I've not read the code, but would an array of 'svn_revnum_t' be
a better representation?
Specifically: an append-only array of [from_rev, to_rev] pairs, sorted
by from_rev. That's less overhead (and we could take advantage of the
sorting to store less data), at the cost of O(log(n)) lookup.
Greg Stein wrote on Wed, May 25, 2011 at 17:21:44 -0400:
> On Wed, May 25, 2011 at 16:08, C. Michael Pilato <cmpilato_at_collab.net> wrote:
> > On 05/25/2011 04:05 PM, C. Michael Pilato wrote:
> >> On 05/25/2011 03:49 PM, Greg Stein wrote:
> >>> On Wed, May 25, 2011 at 15:33, <cmpilato_at_apache.org> wrote:
> >>>> ...
> >>>> + /* A mapping of svn_revnum_t * dump stream revisions to their
> >>>> + corresponding svn_revnum_t * target repository revisions. */
> >>>> + apr_hash_t *rev_map;
> >>> How big can this grow? ie. what happens when there are several million
> >>> revisions.
> >> It gets big. (This logic and approach are copied from 'svnadmin load',
> >> which doesn't excuse it, but might explain it.)
> > Actually, I don't really know for sure how big it gets. It's a mapping of
> > of sizeof(svn_revnum_t) to sizeof(svn_revnum_t), plus all the hash
> > internals. Anybody have any guesses?
> struct apr_hash_entry_t is generally 20 bytes.

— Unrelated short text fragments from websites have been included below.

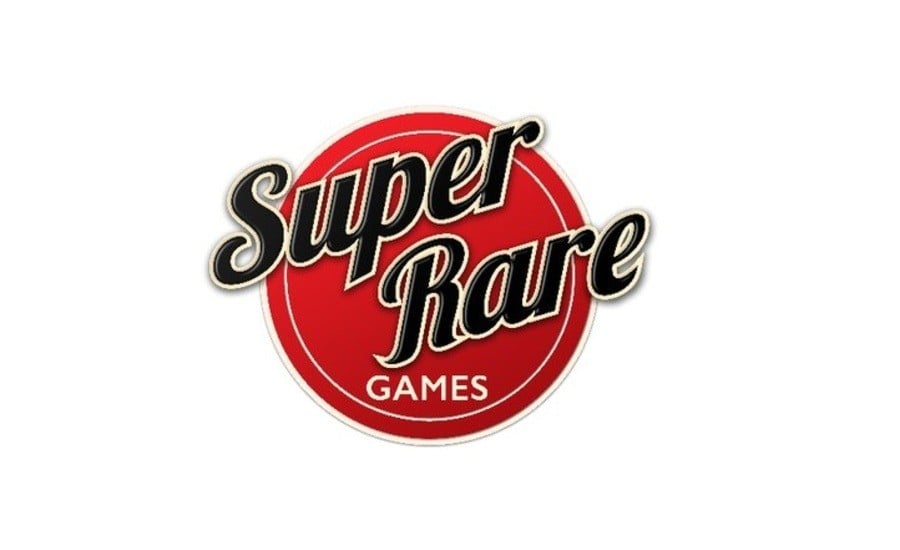 Super rare on sale games upcoming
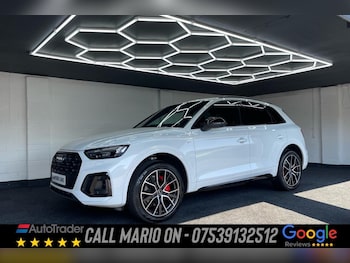 Used Audi Q5 2021 for sale - 79158218: Photo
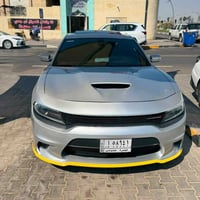دودج جارجر • جارجر 2021 • دودج تشارجر SXT • سيارة رصاصي • تشارجر SXT •...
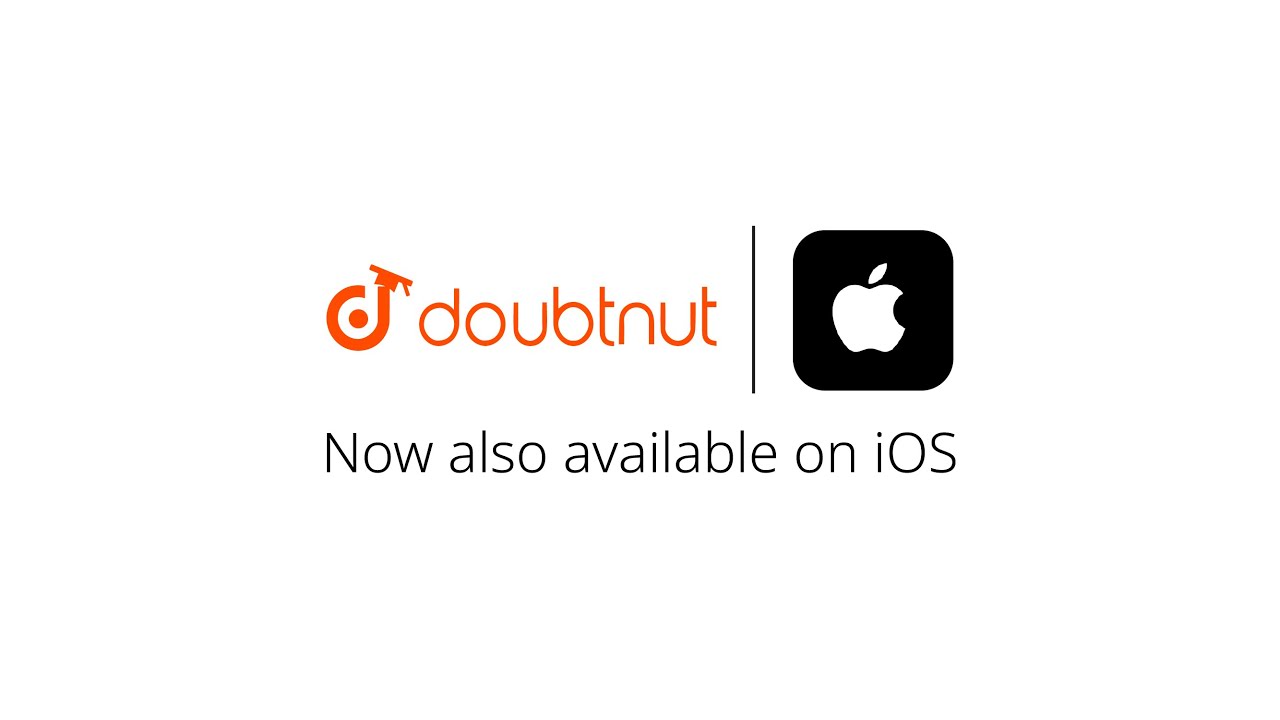 Doubtnut is now availale on iOS also !!! 📖 | App Link in Description - Download Now | Doubtnut App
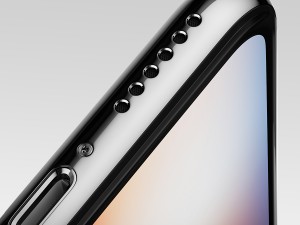 apple iphone x 3D Model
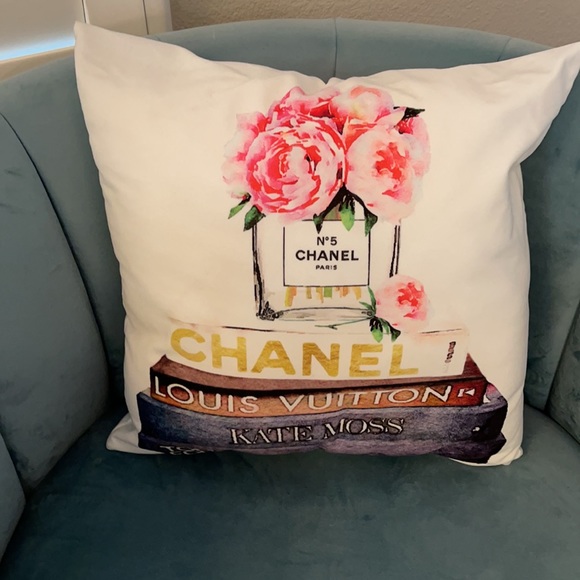 Decorative Pillow - Picture 3 of 4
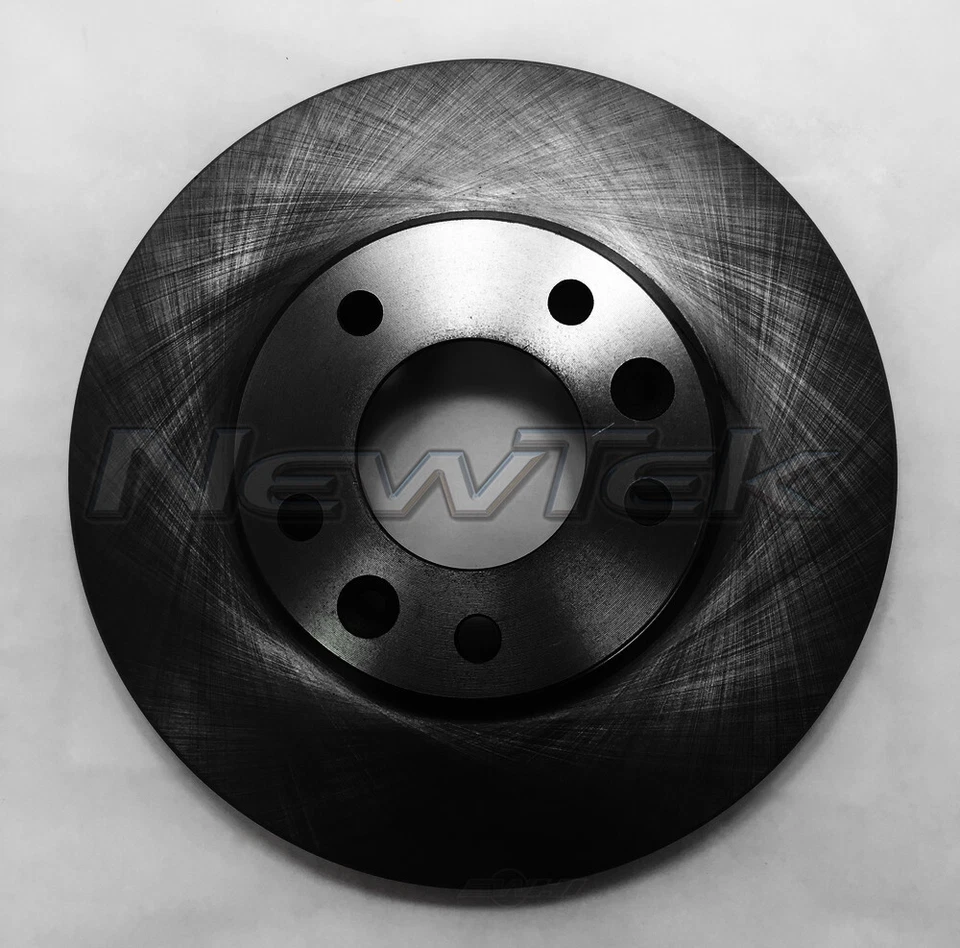 Disc Brake Rotor NewTek 31383 fits 03-05 Kia Sedona - Image 2 of 4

Add in the two revnums
> (4 bytes each), and you get 28 bytes for each *used* entry.
> Now we also have to account for unused entries. APR has a pretty poor
> hash table implementation. It allocates *upwards* to the nearest power
> of two. So the internal size will grow like:
> One saving grace is that APR only grows when the entry count matches
> the internal table size. It uses a "closed hash" algorithm with linked
> lists at each bucket, so the actual load on the buckets is not
> possible to compute. The hand-wave means that you can put in 4 million
> mappings before it grows it up to 8 million buckets.
> So... 4 million buckets (pointers) at 4 bytes each is 80 megabytes.

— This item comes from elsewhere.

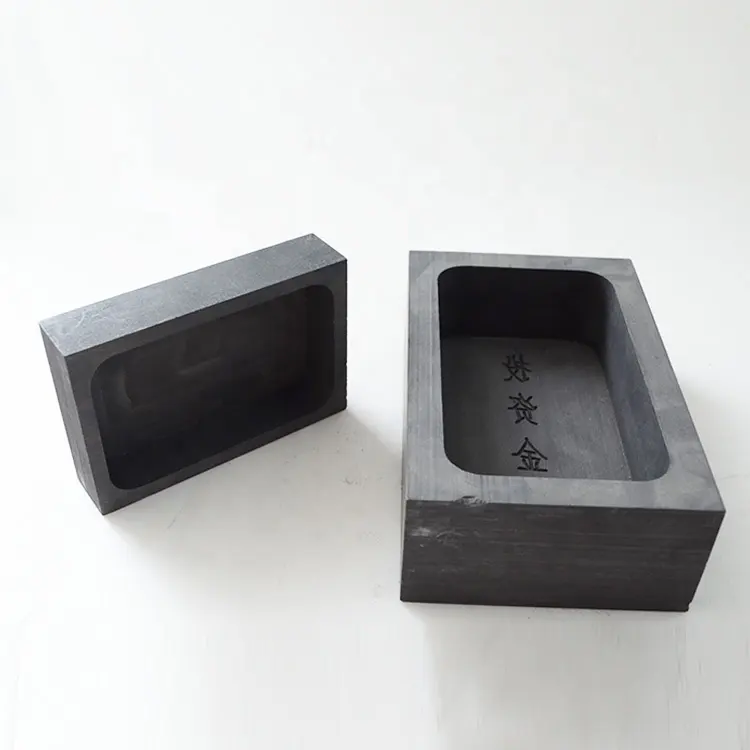 DSN Customize Production Anti-Oxidation High-Purity Graphite Molds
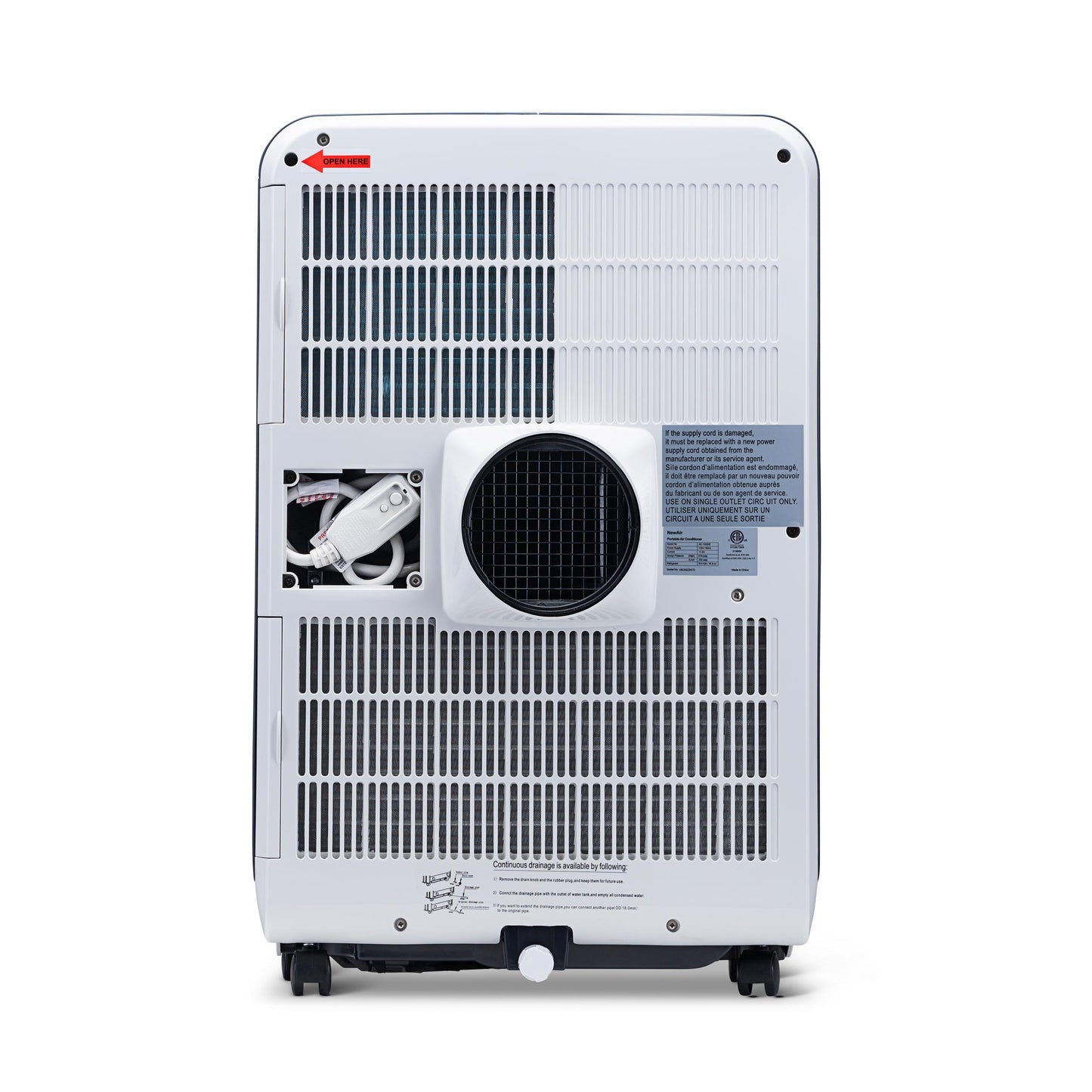 Newair® Portable Air Conditioner - 12,000 BTUs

> Each mapping will add another 28 bytes. So: 4 million mappings is
> about 134 megabytes. But also recognize that *reaching* that point
> will use and toss approx the same amount of memory. So about 260 meg
> On a 64-bit architecture, all these values are likely to be doubled.
> Not a machine crusher, in retrospect. But not exactly a winner either.